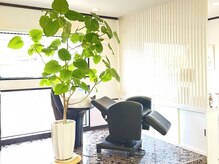 美容室リシーブ(Receive)の雰囲気（大きなウンベラータのあるお店♪）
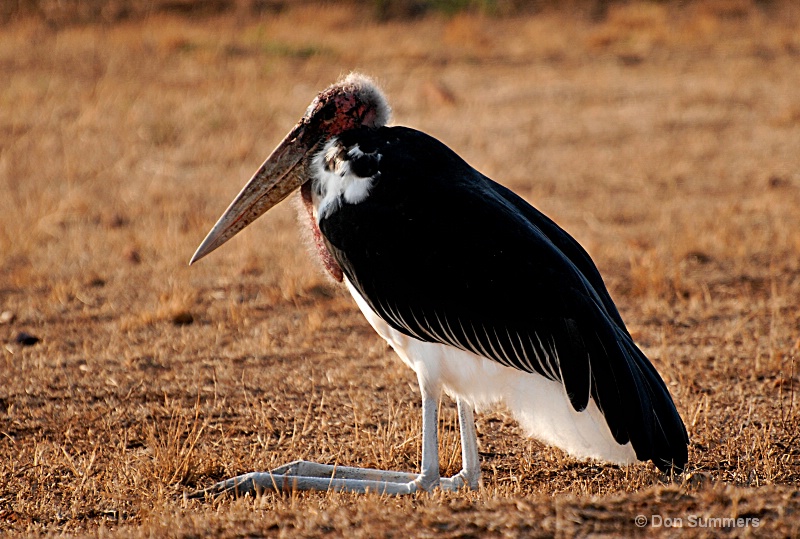 Marabou Stork, Akagera N.P. Rwanda 2008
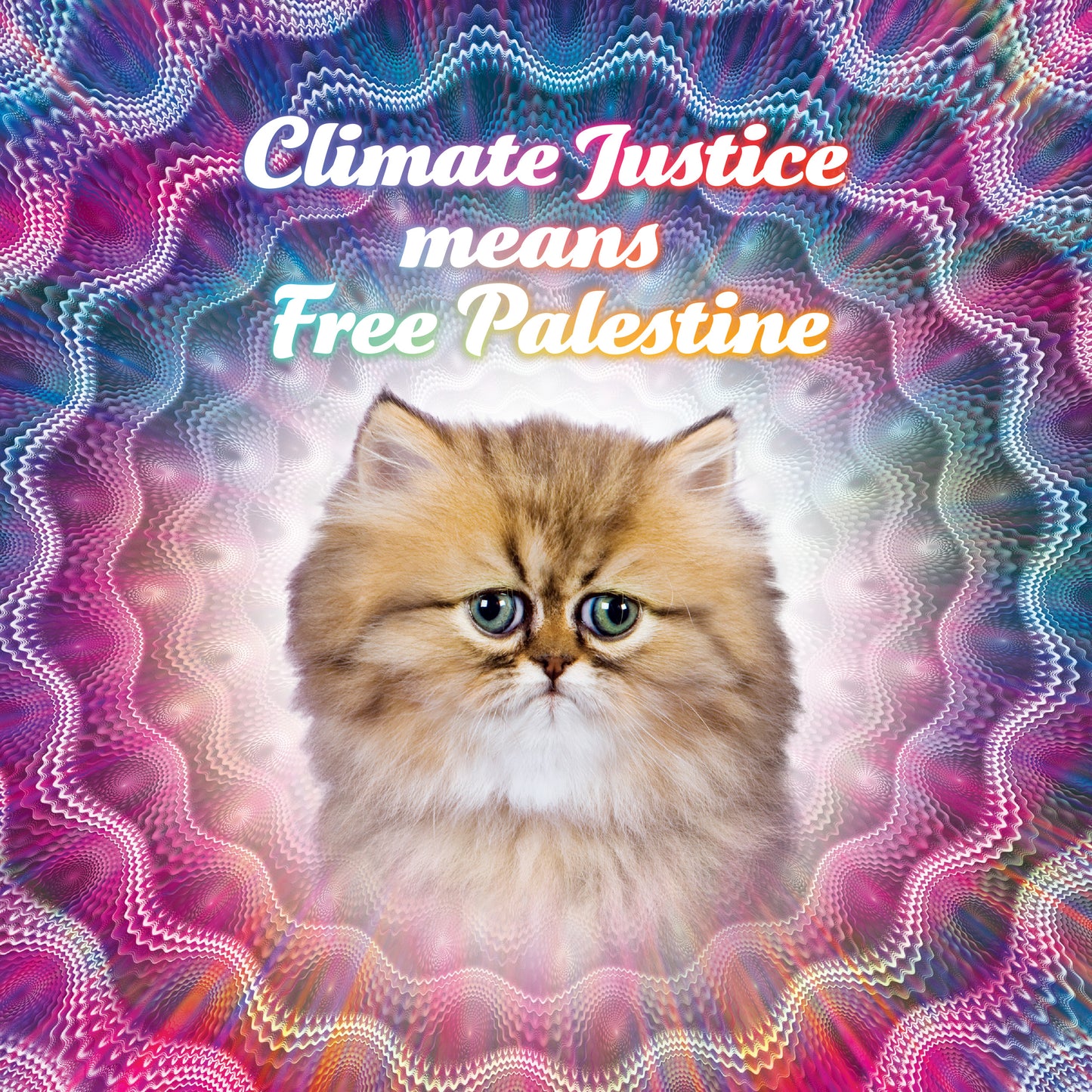 2027 Social Justice Kittens Calendar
————————
## Exercise:
Set down the data exactly as it appears, without any images.

## Solution to this task:
 美容室リシーブ(Receive)の雰囲気（大きなウンベラータのあるお店♪）
 Marabou Stork, Akagera N.P. Rwanda 2008
 2027 Social Justice Kittens Calendar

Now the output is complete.